The victory turns out to be short-lived, as for all their celebrations the resistance may well be trading one alien oppression for another. Tom and Weaver meet with Cochise and the Volm commander (whose name I won’t even try to pronounce), and while there are pleasantries and words of friendship that rarely counts for much in new environments on Falling Skies. Last season in “The Price Of Greatness” it seemed as if the Second Mass had walked into salvation with Charleston, only for its seemingly perfect exterior to break down under closer scrutiny. Here, the Volm don’t waste a minute before getting down to business, stating that from this moment forward they are in control of the war with the Espheni and the humans will be relocated to Brazil under Volm protection. Tom and Weaver’s arguments fall on deaf ears, and Tom earns himself a stint in jail for daring to lay hands on the commander.

The question of what the Volm want out of humanity has been asked time and time again over this season, and the answer we get is narratively satisfying. Playing them as another secret alien threat would have been the easy option, and playing them as entirely benevolent would have just been boring. Here, it generates a more genuine tension as the Second Mass has tasted the feeling of victory and doesn’t feel like kowtowing to another alien menace, even if this one is polite enough to ask for their weapons before opening fire. “The Volm have done what the fishheads never could, brought us to our knees,” Pope bitterly taunts Weaver, and the aura of disappointment and tension hangs over each member of the previously victorious cast. (Literally in some cases—Weaver’s back popping pills again, only this time they’re for an increasingly worrisome heart condition he’s been keeping under wraps.)

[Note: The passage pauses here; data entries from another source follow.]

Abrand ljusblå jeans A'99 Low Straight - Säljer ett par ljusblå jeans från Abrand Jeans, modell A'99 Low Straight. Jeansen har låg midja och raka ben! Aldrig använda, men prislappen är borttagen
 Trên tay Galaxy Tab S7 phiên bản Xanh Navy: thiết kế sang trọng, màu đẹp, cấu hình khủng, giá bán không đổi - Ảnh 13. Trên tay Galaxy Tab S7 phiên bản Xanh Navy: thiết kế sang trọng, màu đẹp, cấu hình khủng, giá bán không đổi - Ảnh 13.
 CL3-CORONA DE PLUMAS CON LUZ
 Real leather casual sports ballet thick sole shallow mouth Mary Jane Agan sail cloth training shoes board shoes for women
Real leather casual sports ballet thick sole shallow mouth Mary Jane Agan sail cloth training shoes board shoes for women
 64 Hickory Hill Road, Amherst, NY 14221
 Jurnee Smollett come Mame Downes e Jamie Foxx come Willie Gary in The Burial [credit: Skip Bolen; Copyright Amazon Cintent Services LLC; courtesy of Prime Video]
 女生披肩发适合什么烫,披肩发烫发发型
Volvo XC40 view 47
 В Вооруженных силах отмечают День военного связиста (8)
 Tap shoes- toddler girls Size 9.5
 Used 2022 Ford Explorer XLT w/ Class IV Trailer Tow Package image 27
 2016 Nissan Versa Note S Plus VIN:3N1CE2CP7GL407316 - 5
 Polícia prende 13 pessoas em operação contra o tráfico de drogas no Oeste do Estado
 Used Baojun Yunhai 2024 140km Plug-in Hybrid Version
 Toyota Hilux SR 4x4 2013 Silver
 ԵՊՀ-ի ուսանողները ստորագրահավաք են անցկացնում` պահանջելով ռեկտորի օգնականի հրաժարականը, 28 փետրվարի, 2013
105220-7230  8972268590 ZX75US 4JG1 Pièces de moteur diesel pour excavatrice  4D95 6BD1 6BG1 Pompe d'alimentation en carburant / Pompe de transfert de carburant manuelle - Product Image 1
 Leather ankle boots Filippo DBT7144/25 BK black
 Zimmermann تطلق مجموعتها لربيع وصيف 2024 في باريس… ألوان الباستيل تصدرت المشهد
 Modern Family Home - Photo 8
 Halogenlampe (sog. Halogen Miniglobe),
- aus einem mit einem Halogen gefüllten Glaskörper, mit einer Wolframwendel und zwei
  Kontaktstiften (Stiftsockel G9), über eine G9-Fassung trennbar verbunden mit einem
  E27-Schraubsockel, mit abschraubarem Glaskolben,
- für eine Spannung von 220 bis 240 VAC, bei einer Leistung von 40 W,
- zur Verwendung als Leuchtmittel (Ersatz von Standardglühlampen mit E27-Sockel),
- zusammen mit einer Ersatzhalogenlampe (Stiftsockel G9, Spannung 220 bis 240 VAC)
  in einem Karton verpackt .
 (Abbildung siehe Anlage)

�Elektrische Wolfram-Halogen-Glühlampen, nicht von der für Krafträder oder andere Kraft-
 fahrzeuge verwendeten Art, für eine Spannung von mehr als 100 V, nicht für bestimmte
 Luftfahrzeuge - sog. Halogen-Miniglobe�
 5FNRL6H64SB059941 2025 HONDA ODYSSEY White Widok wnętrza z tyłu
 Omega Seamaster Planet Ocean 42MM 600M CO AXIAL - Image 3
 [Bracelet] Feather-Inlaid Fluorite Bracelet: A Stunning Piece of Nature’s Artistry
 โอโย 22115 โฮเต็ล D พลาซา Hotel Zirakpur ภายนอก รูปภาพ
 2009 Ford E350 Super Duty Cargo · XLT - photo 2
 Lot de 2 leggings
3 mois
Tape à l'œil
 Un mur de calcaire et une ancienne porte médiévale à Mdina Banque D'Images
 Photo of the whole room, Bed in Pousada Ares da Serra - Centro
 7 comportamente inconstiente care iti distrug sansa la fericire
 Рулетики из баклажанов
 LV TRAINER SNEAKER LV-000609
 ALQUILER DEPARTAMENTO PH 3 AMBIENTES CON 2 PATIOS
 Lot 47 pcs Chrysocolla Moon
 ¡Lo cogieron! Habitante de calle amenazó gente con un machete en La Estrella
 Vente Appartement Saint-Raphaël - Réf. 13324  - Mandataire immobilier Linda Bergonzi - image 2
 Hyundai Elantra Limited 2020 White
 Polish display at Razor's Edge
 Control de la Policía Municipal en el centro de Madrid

Of course, the conflict might remain more interesting if it didn’t fall back on bold statements from Tom Mason to clear things up. Tom, back in his role as historian, cites humanity’s stubborn streak, with such statements as “We violently resist or oppress those who would violate our freedoms.” Once again, Falling Skies’ Achilles heel is its compulsive need to restate the same speeches on the virtues of humanity, and even though the Volm commander hasn’t heard more than fragments from Cochise it doesn’t change the fact that we as an audience have heard this time and time again.

The most frustrating part of that speech? It works. After the humans are marched ostensibly to the transport ship, Cochise reveals a change of plan, giving them back their weapons and advising them to get as far from the Boston area as possible. Disappointingly, the show avoids potential season four conflicts by showing Cochise wasn’t acting on his own, and the decision was made in congress with the Volm commander. And when the Volm commander speaks of the oath he and his people have taken to defend these humans, it further dismisses the possibility of ambiguity and makes the Volm, if not exactly admirable, at least as honorable as they’ve presented themselves to be.

A little more ambiguity over the Volm’s aims would certainly have been appreciated, especially given the first encounter the Second Mass has once they leave the area. Lourdes, now being carried in chains by the Second Mass and reduced to an almost Gollum-like state by the multitude of Espheni worms in her head, still serves as Karen’s radio transmitter and allows her to bring a ship in for negotiations. Appearing under a white flag—a nice parallel to their standoff in “Molon Labe”—Karen warns this is only the first of many unpleasant surprises they will learn about the Volm and opens the possibility of alliance between them. Tom, however, is in no mood for any of this, and once again, the “Tom Mason stops talking and shoots things” card is played to excellent and suprising effect, as he follows the example of Dream Tom from “Strange Brew” and blows a hole in Karen’s chest. (Followed shortly by two rounds from Maggie, cutting off any attempt at a heartfelt goodbye with Hal. Given her rejection of his earlier hopes for a simple life, I predict increased tension in season four.)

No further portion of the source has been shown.